Pertama, anak-anak harus merasa bahwa mereka di kasihi. Ini merupakan tantangan tersendiri bagi keluarga-keluarga di kota besar. Orang tua kadang-kadang lupa sehingga mereka berpikir bahwa mengasihi anak berarti memberi barang-barang kepada mereka. Kamar tidur dilengkapi seperti kamar anak kost, gadget dan uang secukupnya. Ini belum menjadi kasih yang sesungguhnya bagi anak-anak. Anak-anak merasa dikasihi kalau orang tuanya hadir hari demi hari dengan mereka, biar hanya beberapa menit. Kehadiran bukan hanya sekedar hadir tetapi hadir secara aktif dengan sapaan, dengan sentuhan kasih sebagai orang tua.

Kedua, Orang tua berani mengatakan tidak kepada anak-anak. Kadang-kadang orang tua berpikir supaya aman maka apa yang anak-anak minta selalu disetujui. Ada yang bisa di setujui, ada yang tidak perlu disetujui. Anak-anak perlu ditanamkan semangat berkorban (sacrifice) dan kemandirian. Seorang pemuda pernah berkata, “Ayahku mewariskan pengalaman kerja yang sangat berharga.”
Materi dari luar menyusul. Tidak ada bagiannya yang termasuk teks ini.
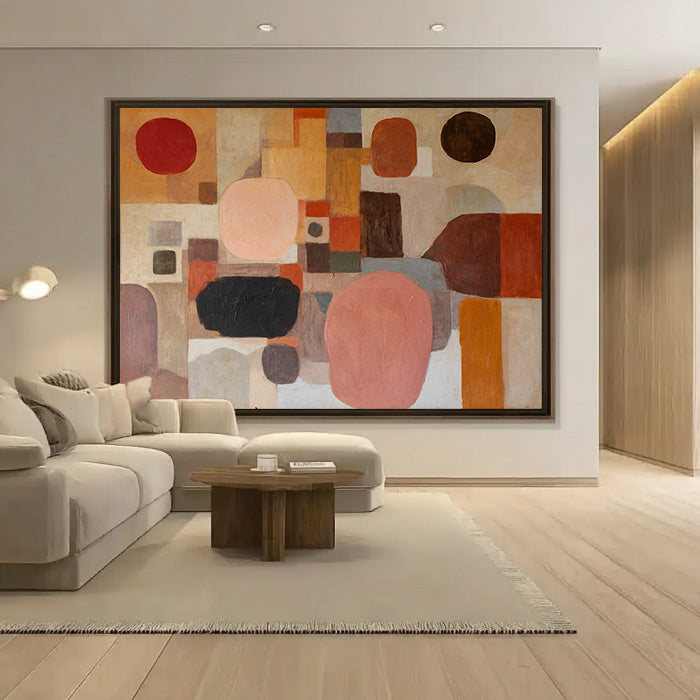 Organic Forms - Hand Painted Organic Geometric Abstract Wall Art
Saya mengakhiri renungan ini dengan mengangkat pengalaman Christ Evert. Dia adalaha petenis legendaris dan pemenang delapan belas gelar Grand-Slam. Ia berkisah bahwa bersama adik-adiknya mereka bersyukur kepada orang tua karena selalu mendukung olahraga dan pendidikan. Termotivasi dengan orang tuanya, ia bersama adiknya Jeanne bermain tenis profesional setelah tamat SMA. Ayahnya bekerja sebagai pelatih tenis dan bangga dengan anak-anaknya. Christ selalu bertanya kepada ayahnya alasan mengapa menghendaki mereka dalam bidang olahraga. Christ sudah mengira jawaban dari ayahnya yakni supaya bisa berkeliling ke seluruh dunia atau bermain tenis adalah cara terbaik untuk mendapat banyak uang. Ternyata ayahnya bijaksana dan berkata: “Tenis itu adalah cara yang baik untuk menjauhkan kalian dari kehidupan di jalanan dan dari masalah”. Bagi Christ, ayahnya sangat inspiratif karena mendorong mereka untuk menetapkan tujuan hidup dan belajar merasakan prestasi.
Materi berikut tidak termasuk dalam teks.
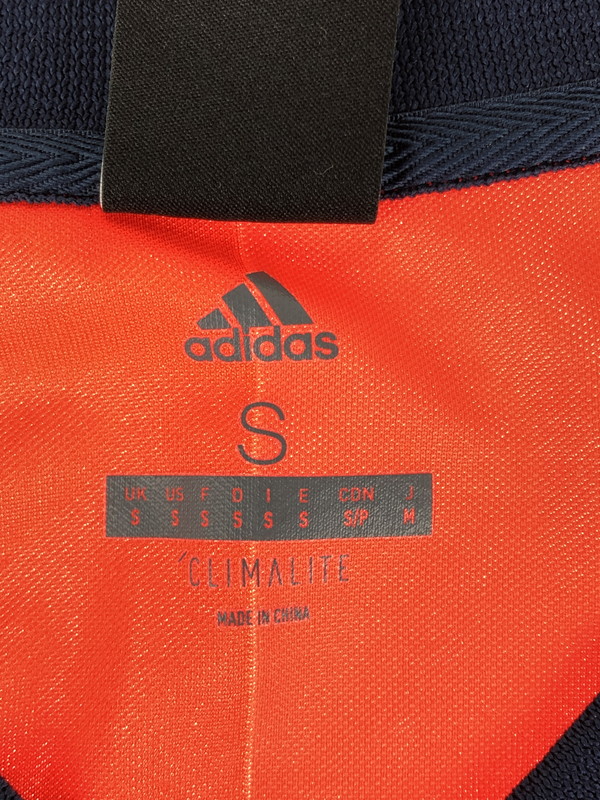 【中古品】【メンズ】  GOSHA RUBCHINSKIY ゴーシャラブチンスキー× ADIDAS アディダス 別注 コラボ GAME SHIRTゲームシャツ 半袖 トップス  サッカーシャツ 141-240806-mo-1-tag サイズ：S カラー：レッド 万代Net店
Ayahku adalah pelindungku. Ayahku adalah pria yang mendorong anaknya untuk menetapkan tujuan hidup dan belajar merasakan prestasi. Tuhan sendiri memberikan kepada kita kebebasan sebagai anak-anak Allah. Ia memiliki rencana untuk menuntun kita ke jalan yang benar sesuai kehendakNya.